Ma, c’è di più. Come ha sottolineato nell’omelia il Superiore generale, don Valdir José De Castro, la nostra non può essere una “risposta solitaria”, in quanto – come aveva già anticipato la seconda lettura del nostro padre San Paolo – “siamo un solo corpo in Cristo e, ciascuno per la sua parte, siamo membra gli uni degli altri”. Questo è ben espresso nella formula della professione quando il candidato promette di vivere “la vita comune secondo le Costituzioni della Società San Paolo”. Il nostro apostolato – continua don Valdir nell’omelia – nasce dalla comunità ed è espressione della comunità e sarà fruttuoso solo se innestato in Cristo. Conseguentemente, il primo obiettivo del paolino “vivere in Cristo”, “cristificarsi”, per portare a tutti il Cristo vivente.
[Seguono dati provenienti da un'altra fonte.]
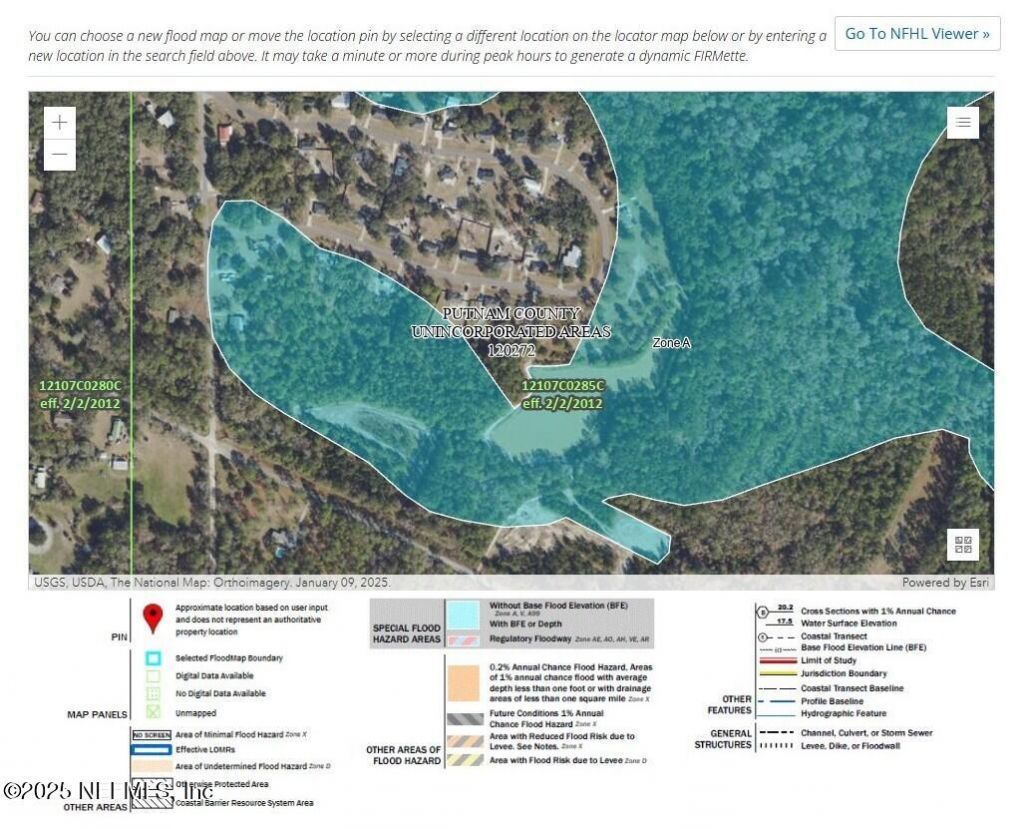 126 Hollister School Road, Hollister, FL 32147 Photo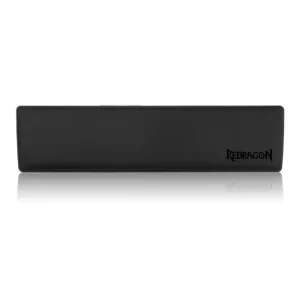 Redragon P035 METEOR S Computer Keyboard Wrist Rest Pad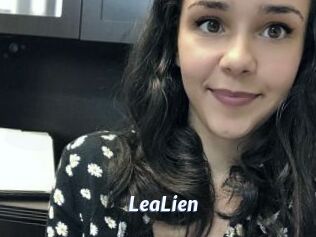 LeaLien Sexe amateur contributions
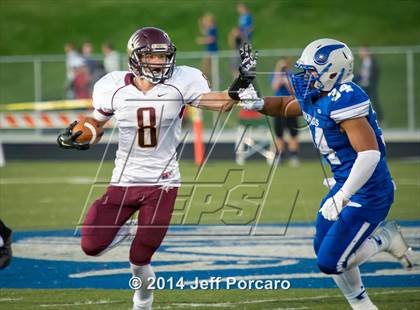 Thumbnail 1 in Maple Mountain @ Pleasant Grove photogallery.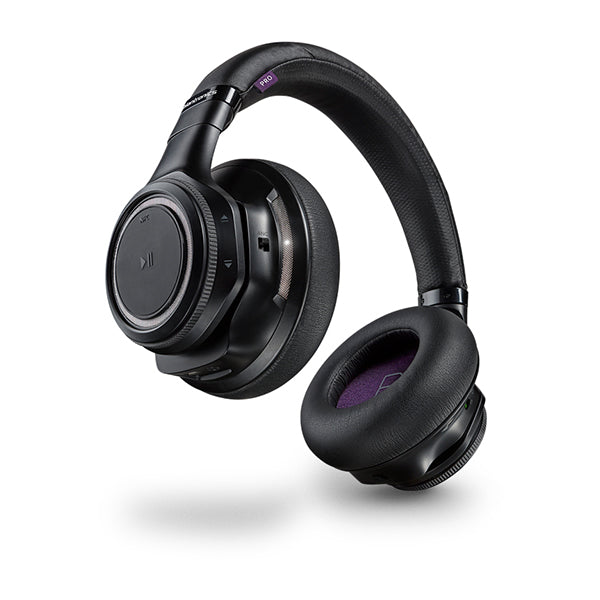 BackBeat PRO(ノイズキャンセリング対応ワイヤレスヘッドセット)
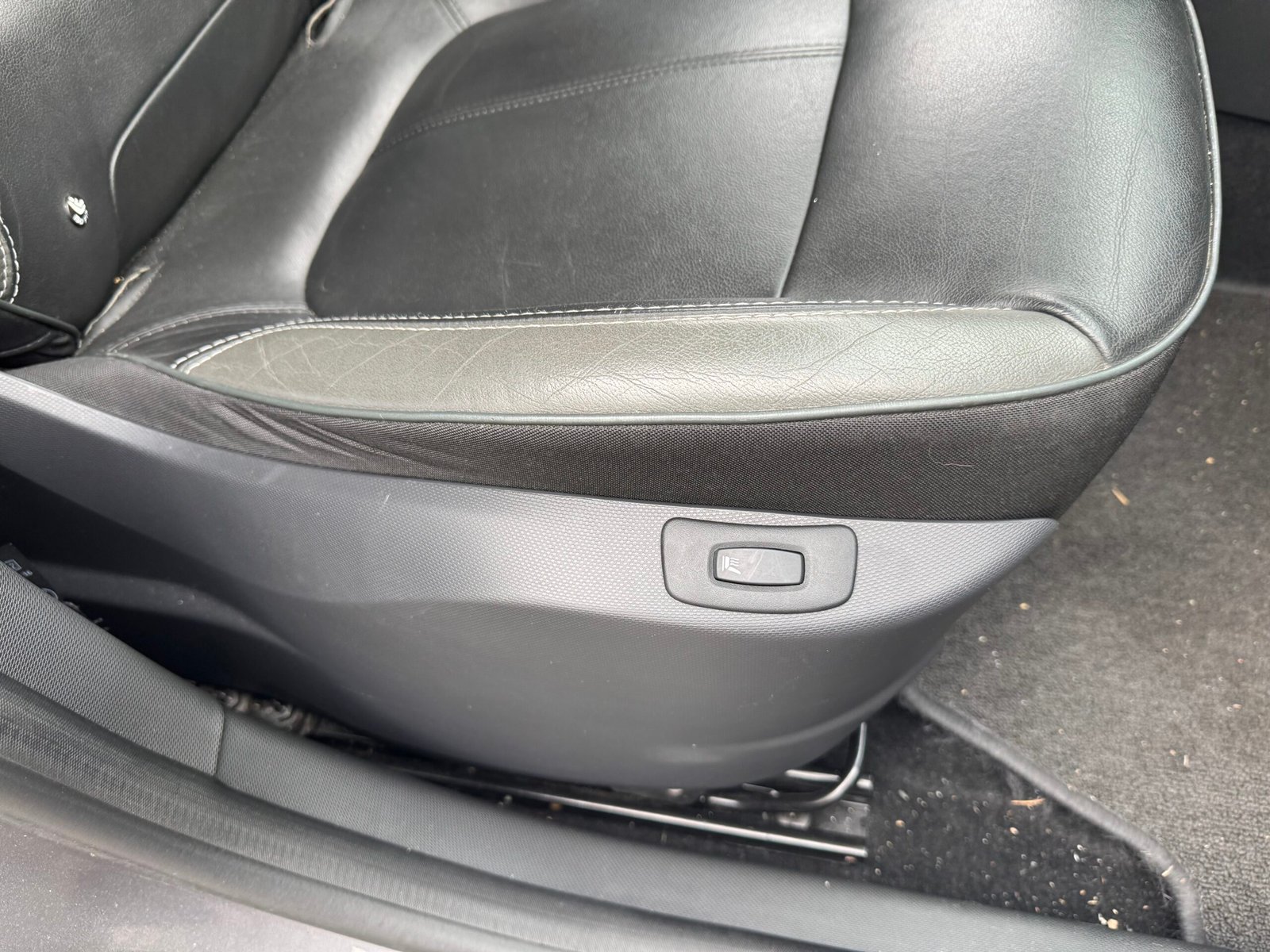 Renault Captur (I) « INTENS » 1.2 TCe EDC6 118CH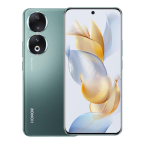 Refurbished Honor 90 (dual sim) 512GB Grün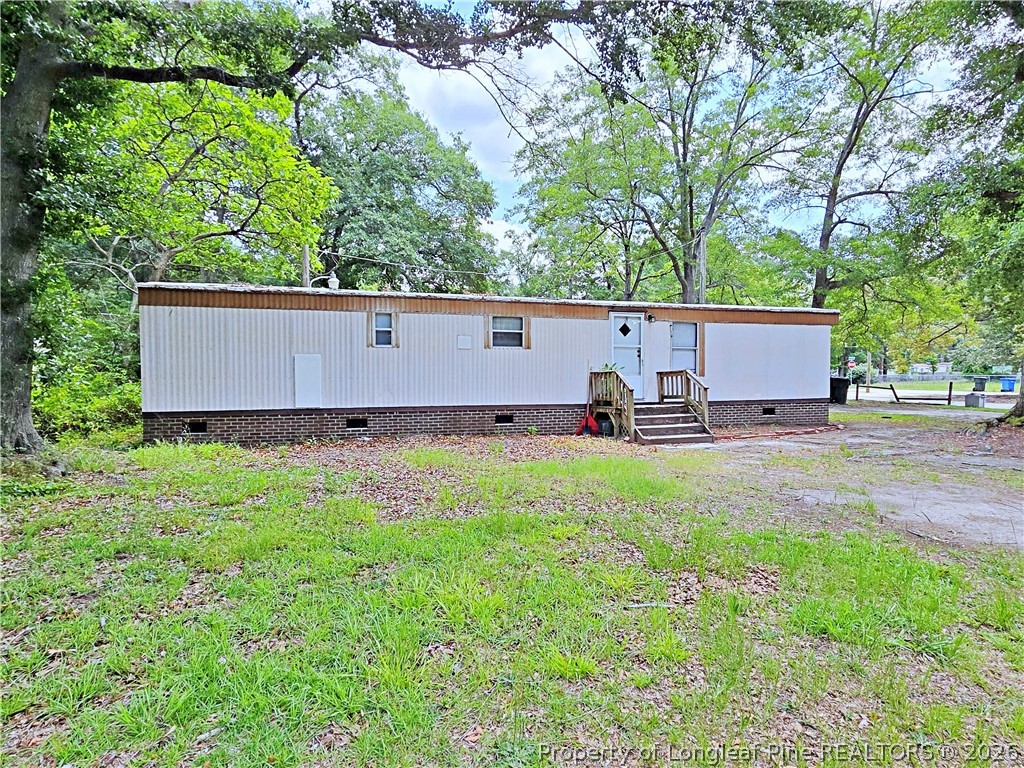 1581 Rim Road Fayetteville, NC 28314 - Photo 35 of 38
E poi rivolgendosi ai giovani don Valdir aggiungeva: a voi affidiamo il compito di rinnovare il nostro apostolato, di adeguarlo ai mezzi e al linguaggio odierno, per essere comunicatori efficaci nel nostro mondo sempre più digitalizzato.

La celebrazione si concludeva con un ultimo momento toccante di ringraziamento da parte dei sei neo-professi. Dopo aver ringraziato il Superiore generale e il suo governo, la comunità del noviziato internazionale, esprimevano la loro gratitudine “a Dio Onnipotente perché con la sua immensa misericordia, li ha scelti, nonostante la loro debolezza e la fragilità, e li ha invitati a essere testimoni del suo amore in mezzo ai loro fratelli e sorelle e a proclamare il suo vangelo nella cultura della comunicazione, attraverso ogni forma di linguaggio esistente oggi e nel futuro”. Un pensiero speciale è andato, infine, ai loro genitori. Da essi hanno succhiato il latte della fede e con essi hanno maturato la loro decisione di seguire il Signore. “Grazie ai nostri genitori – hanno detto testualmente – siamo quello che siamo oggi”.